-- WHAT YOU NEED TO DO --
Report each line of the data that includes the word "with".

___ RAW DATA ___

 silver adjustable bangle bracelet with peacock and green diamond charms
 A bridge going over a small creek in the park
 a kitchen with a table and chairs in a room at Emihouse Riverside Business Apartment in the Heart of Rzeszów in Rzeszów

___

-- TASK ANSWER --
 silver adjustable bangle bracelet with peacock and green diamond charms
 a kitchen with a table and chairs in a room at Emihouse Riverside Business Apartment in the Heart of Rzeszów in Rzeszów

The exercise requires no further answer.